Avant toute chose, il faut tenter de calmer le feu passionné qui sommeille dans chaque petit Blériot : il est encore aujourd’hui strictement impossible de se prononcer sur la chance éventuelle de voir garer un tel engin sur un tarmac (on en reparlera éventuellement dans une dizaine d’années). Cependant, toutes les données issues de ce projet proviennent d’un dépôt de brevet effectué par Airbus le 14 juillet 2015 aux Etats-Unis. En effet, la société européenne, qui a titré son brevet en les termes de « véhicule aérien ultra-rapide et méthode associée pour le transport aérien », explique l’avion envisagé ainsi que les technologies qui le composent. Dans un premier temps, le prototype (cf. image ci-dessus) embarque quatre moteurs-propulseurs et son fuselage inclue une aile delta gothique. Le brevet met ainsi en exergue un engin qui pourrait atteindre Mach 4.5. Pour information, le Concorde faisait le trajet Londres-New York en environ 3 heures. Une telle vitesse du prototype réduirait le trajet à une heure par l’atteinte d’une vitesse maximale de 5500 km/h.

Le brevet explicite également d’autres caractéristiques intéressantes. En outre, le prototype pourra accueillir une bonne vingtaine de personnes avec des rangées de quatre sièges : on est donc loin du gros porteur pour se concentrer dans cet esprit traditionnel « concordien » qui lui a malheureusement valu sa perte. Le projet s’attarde également sur une caractéristique intéressante : le souhait d’atténuer le bruit provoqué par le passage du mur du son (ou lorsque la vitesse dépasse Mach 1). Pour ce faire, Airbus décrit un plan de vol assez novateur pour un avion de transport de personnes, soit un décollage vertical avec un vol de croisière en altitude normale et une redescente vers le lieu d’atterrissage. Avec un tel plan de vol et à une telle vitesse, on espère déjà qu’ils ont pensé à une manière d’accrocher les tartes flambées …

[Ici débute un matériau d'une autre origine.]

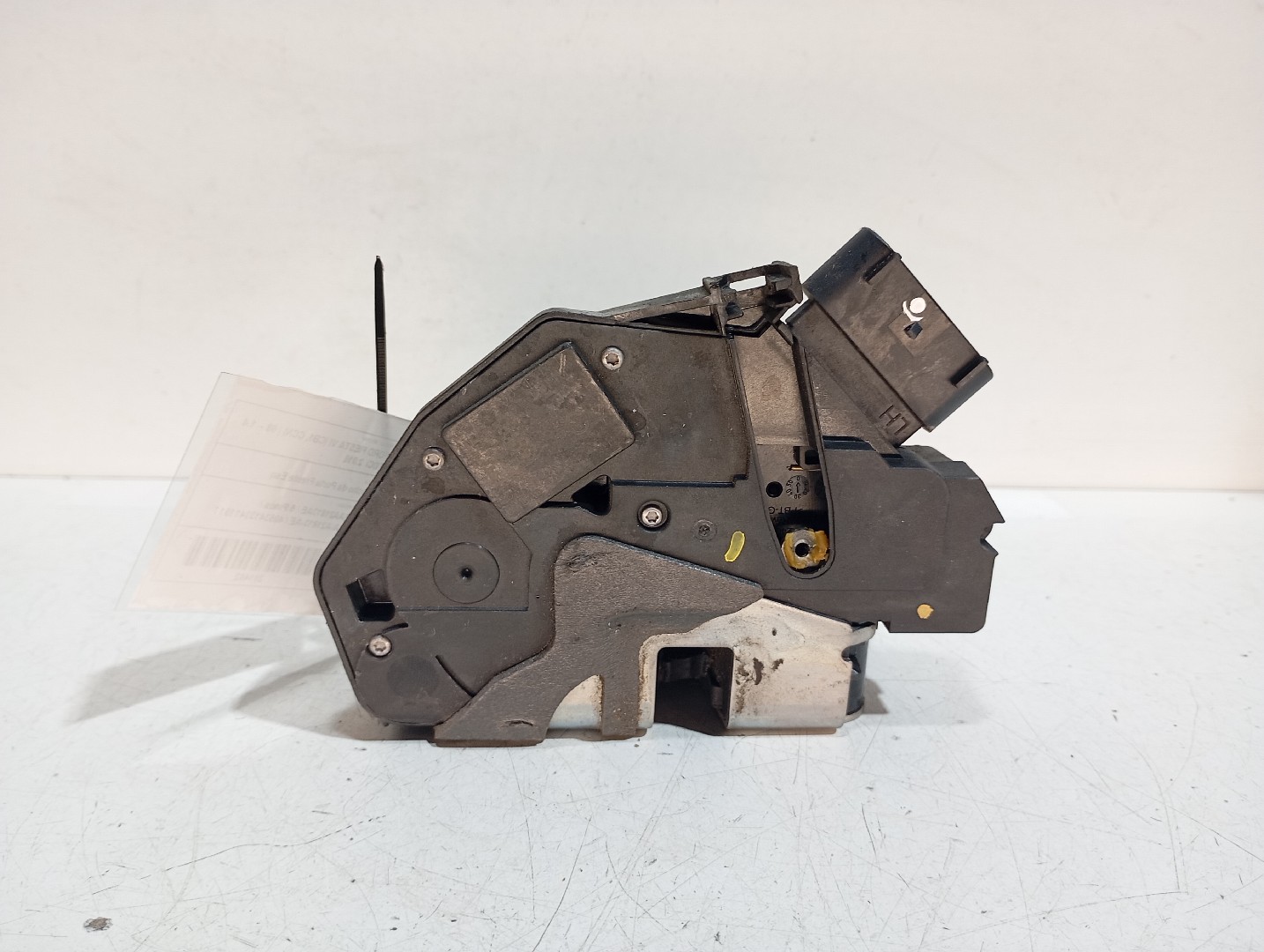 Fecho da Porta Frente Esq FORD FIESTA VI (CB1, CCN) | 08 -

Performances excellentes, rentabilité catastrophique ?

A supposer qu’un tel engin arrive sur le marché, quel serait son impact tant sur l’économie du transport aérien des personnes que sur celle du numérique ? D’une part, il est à noter que le brevet semble revêtir une configuration économique à celle qu’avait le concorde, à savoir un faible nombre de places au profit d’un billet à coût certainement bien plus élevé. Actuellement, un billet entre Londres et New-York coûte environ 900 euros en moyenne. Si l’on suit une logique économique basée sur le nombre de places disponibles pour rentabiliser le vol de l’appareil, un avion disons « standard » (prenons un airbus A320 par exemple) dispose de 200 places. Avec 20 places inclues dans le prototype, vous multipliez donc le prix par 10 ce qui vous donne un billet à … 9000 euros, quand même ! Le marché parait donc extrêmement restreint, car même l’homme d’affaires qui doit être en urgence de l’autre côté de l’Atlantique ne débourserait certainement pas une telle somme. Ainsi, même si le brevet prévoit une application militaire du projet, on peut se demander si la logique économique est viable. Si EADS souhaite le concrétiser, il peut également le faire dans une pure logique (également concordienne) de pure démonstration technologique quand bien même l’engin coûterait bien plus qu’il ne rapporte.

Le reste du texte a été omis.